フォーレのチェロ曲のように・・・『彼が通る不思議なコースを私も』(白石一文)
この小説を読み終えたあと、フォーレのあのチェロ曲が聴こえてきたような気がした。「夢のあとに」だった。
『彼が通る不思議なコースを私も』(白石一文、集英社)は、この年初に発売されていたのだけれど、それを知ったのはつい今週で、手に入れたとたんにすぐに読み切ってしまった。そぞろ爽快な気分を禁じ得ない。

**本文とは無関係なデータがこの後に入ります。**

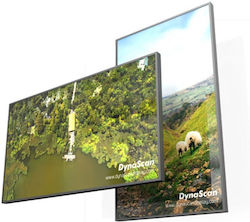 DynaScan DS752LT5 Public Display 75" 4K UHD DynaScan DS752LT5 Public Display 75" 4K UHD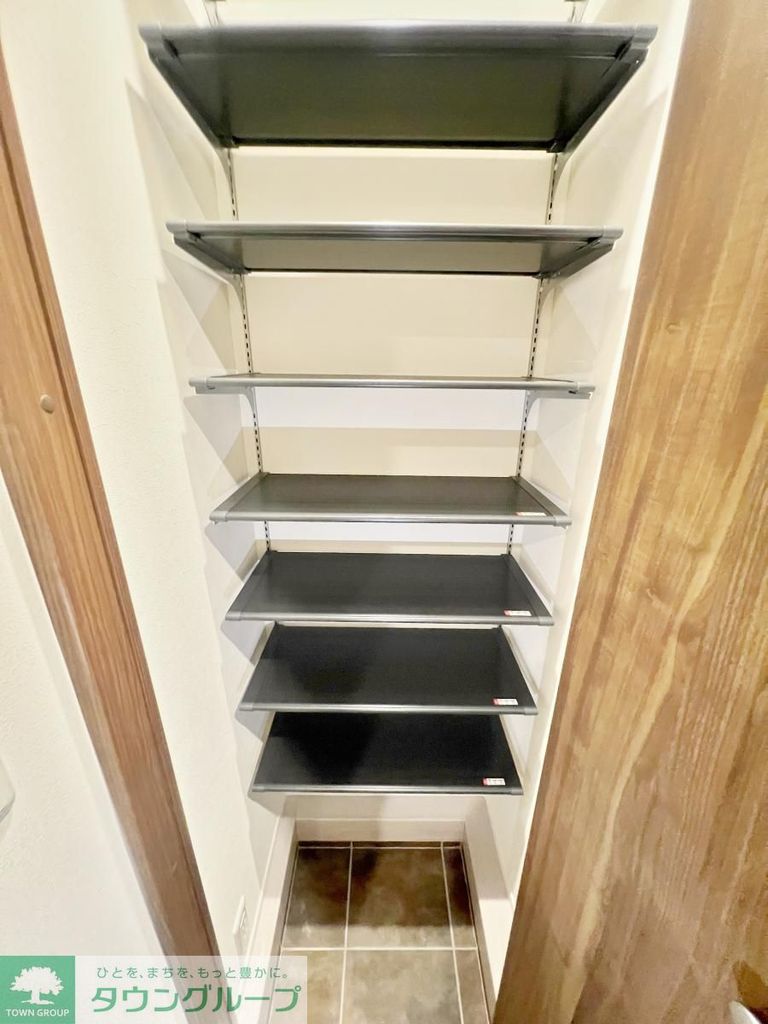 玄関　★タウンハウジング蒲田店取り扱い★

白石の小説は、いつも唸らされてしまう。そしてそれは毎回が異なる趣向なのだ。
次のようなことばがこの小説の集大成だ。
“彼はそう言い、
「キリコさんは、人間が生き延びるために一番必要なことって何だと思う」
と訊いてきたのだった。
「やっぱり、夢とか希望なんじゃないですか」
(中略)
「そういうときに生き延びる唯一の道はさ、生きる気持ちなんだ」
(中略)
「そうじゃないよ。生きる気持ちを維持するために必要なのは夢や希望なんかじゃないんだ」
「じゃあ・・・」
「自分が好きだってことなんだよ。他の誰でもない、とにかく自分自身が大好きで、超愛してるって思えることだよ。」”
自分の存在に不安を感じていたり、生きる意味を見失いそうになっている人にとっての、福音書のような小説だと思った。